Apple devra payer près de 13 milliards d’euros d’arriérés d’impôts en Irlande

La décision de la Commission européenne

Les pronostics oscillaient entre 1 et 18 milliards d’euros. Finalement, après deux ans d’enquête, la Commission européenne a ordonné aujourd’hui à Apple de payer aux autorités fiscales irlandaises 13 milliards d’euros d’arriérés d’impôts sur plus d’une décennie.

Bien évidemment, le ministre des finances de l’Irlande, Michael Noonan « n’est pas du tout d’accord » avec la Commission.

Et dans une lettre ouverte cinglante à la communauté Apple en Europe, Tim Cook, le PDG d’Apple, accuse la Commission de révisionnisme fiscal, de s’immiscer dans le droit fondamental d’un État membre à fixer ses impôts et de chambouler la fiscalité internationale.

L’Irlande comme Apple vont faire appel de la décision.

Qu’est-il reproché ?

La Commission européenne, qui rappelle que la somme demandée n’est ni une amende ni une punition, mais bien le paiement d’un arriéré, reproche aux autorités fiscales irlandaises et à Apple d’avoir convenu d’une entente de faveur qui a permis à Apple de profiter d’un taux d’imposition effectif de 0,005 % à 1 % de ses profits européens sur plus de dix ans. *

Apple_Irlande_Aide_Illégale

Si chaque État membre de l’Union européenne est libre de fixer ses propres taux d’imposition, et en l’occurrence le taux d’imposition des entreprises en Irlande n’est que de 12,5 %, il est interdit aux autorités fiscales de donner des avantages déloyaux et anticompétitifs à certaines entreprises, quelle que soit leur nationalité ou taille.

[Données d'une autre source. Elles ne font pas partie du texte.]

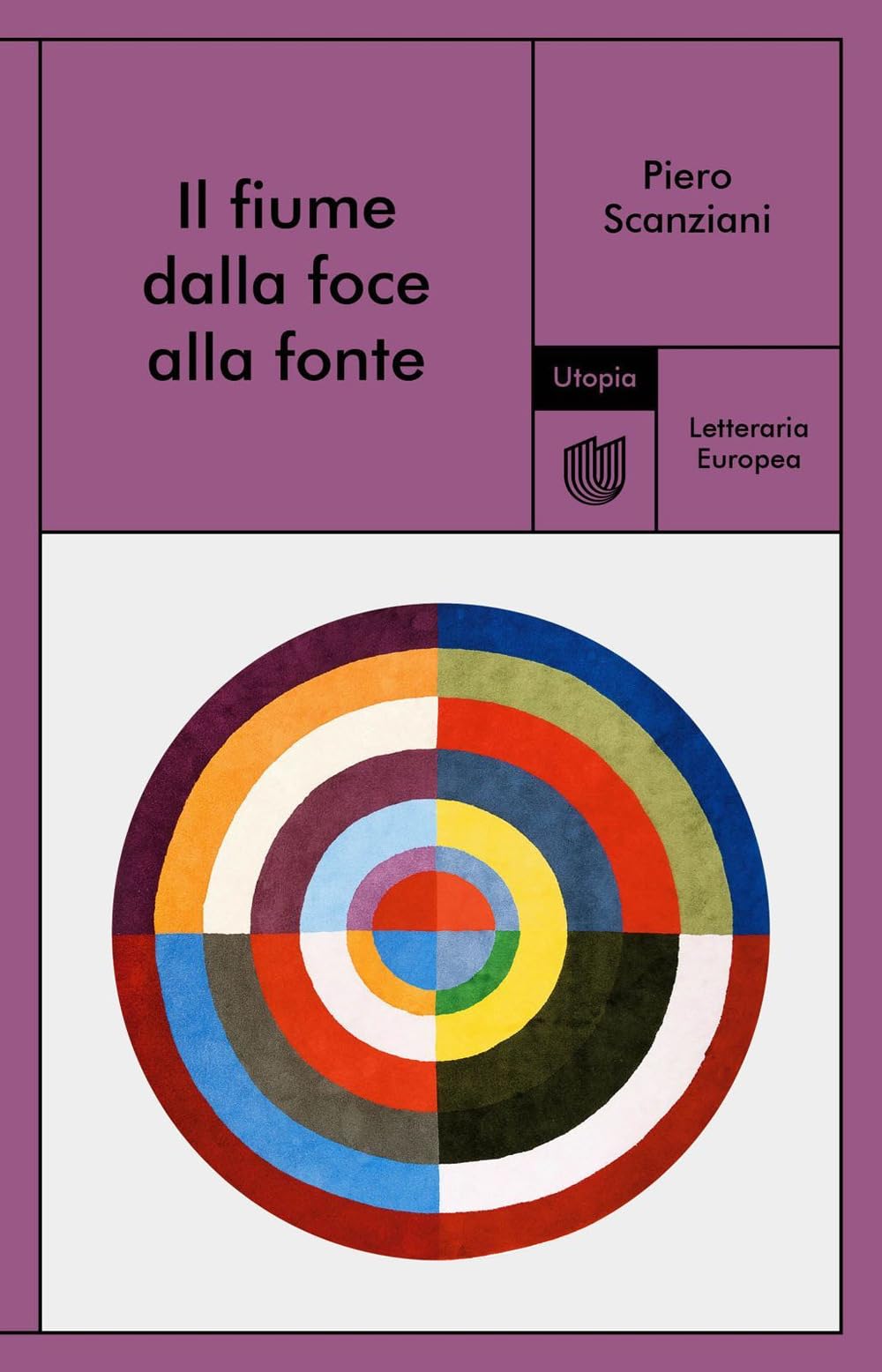 Il fiume dalla foce alla fonte book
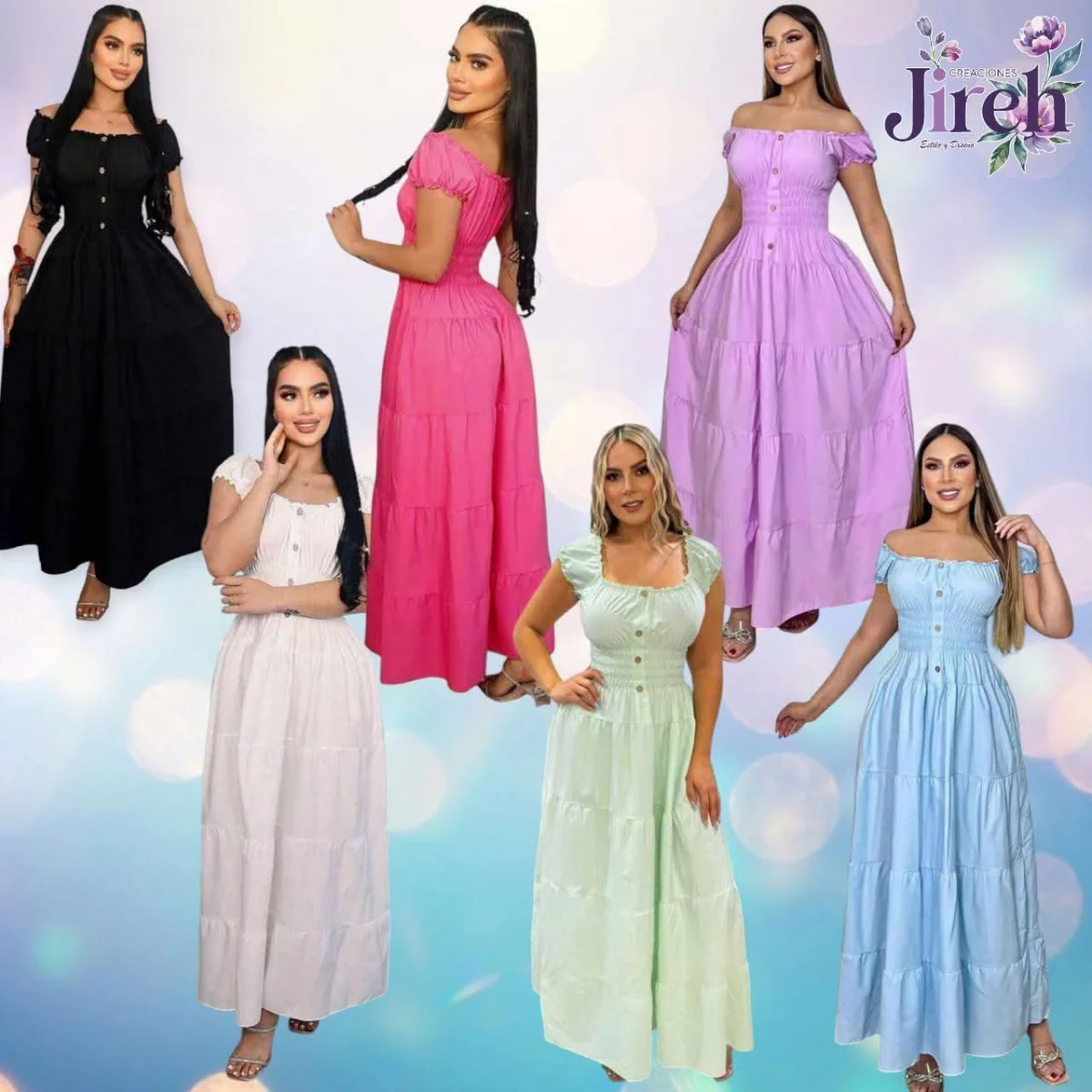 VESTIDO LUZ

La Commission assimile ainsi les avantages donnés à Apple à une aide d’État illégale, et exige qu’Apple rembourse la différence entre ce qu’elle a payé, et ce qu’elle aurait dû payer si elle avait été traitée comme toute autre entreprise implantée en Irlande.

Conséquences

Les autorités fiscales irlandaises sont donc tenues d’obtenir environ 13 milliards d’arriérés d’impôts d’Apple, sur la période de dix ans commençant en 2003. Environ, car la somme dépendra des diverses décisions que prendront, suite à la décision de la Commission européenne, les autorités fiscales des États membres comme des États-Unis sur l’imposition d’Apple. S’ils exigent plus d’impôts, la facture irlandaise sera d’autant plus réduite.

La somme de 13 milliards d’euros d’arriérés peut sembler mirobolante, mais il ne s’agit que d’environ 100 jours de profits d’Apple, et de moins de 8 % du « trésor de guerre » que la firme de Cupertino garde hors des États-Unis. Car rapatrier ces profits donnerait lieu à une imposition dans son pays d’origine.

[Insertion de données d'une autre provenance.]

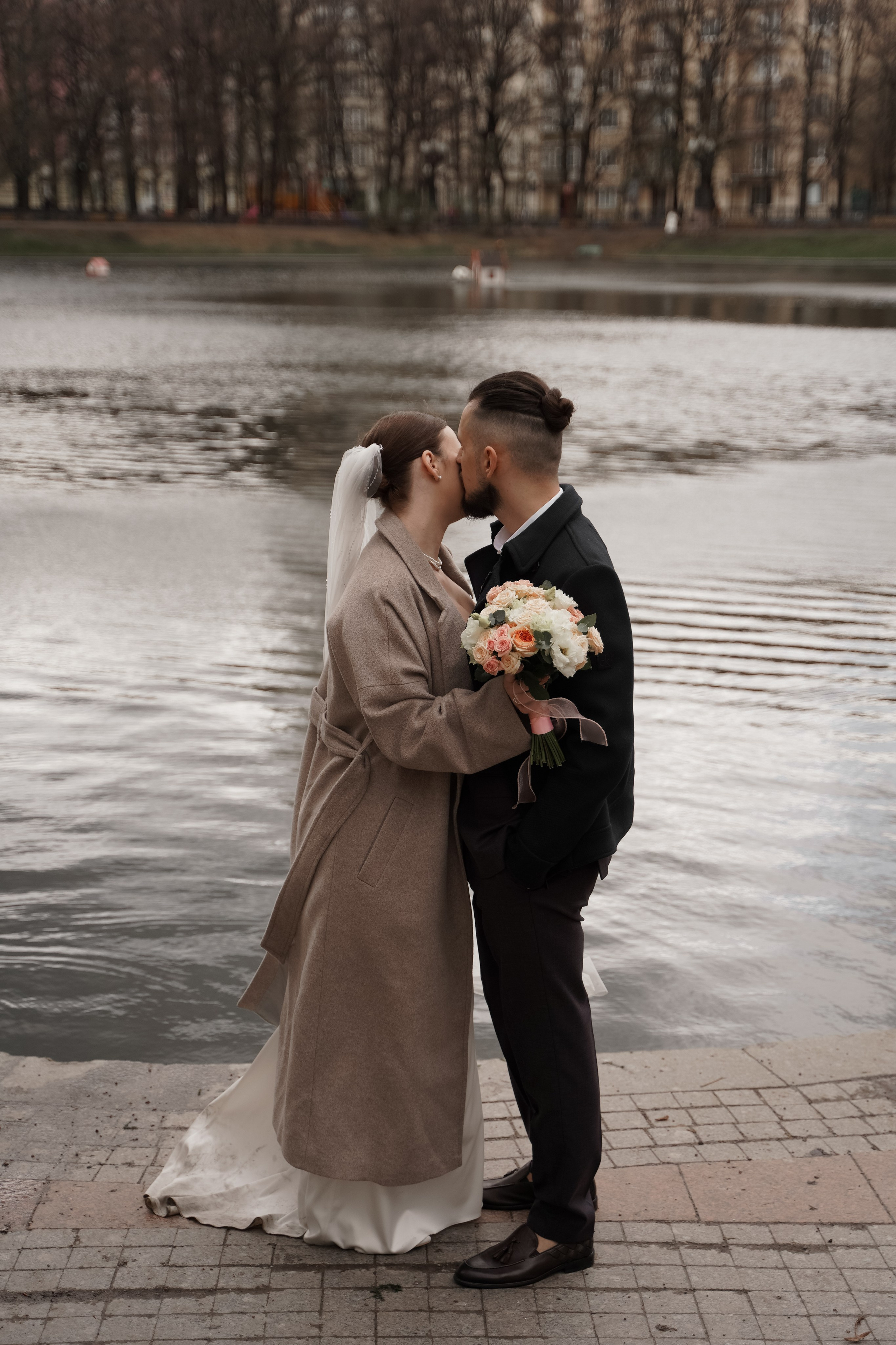 Анастасия и Павел. Свадебный фотограф Марина Попова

Depuis des mois, les États-Unis ont mené en politique de lobbying et de dénigrements de la Commission européenne, l’accusant de cibler en particulier les multinationales américaines.

Apple affirme suivre la loi des pays dans lesquels elle est implantée, et réfute avoir profité d’un d’une offre spéciale mais n’offre pas de justification sur son taux effectif ridicule d’imposition.

Si jamais Apple prévalait devant les tribunaux, on ose espérer que la décision de justice mènerait les législateurs à revoir en profondeur un système fiscal international qui avantage de façon éhontée les grandes multinationales.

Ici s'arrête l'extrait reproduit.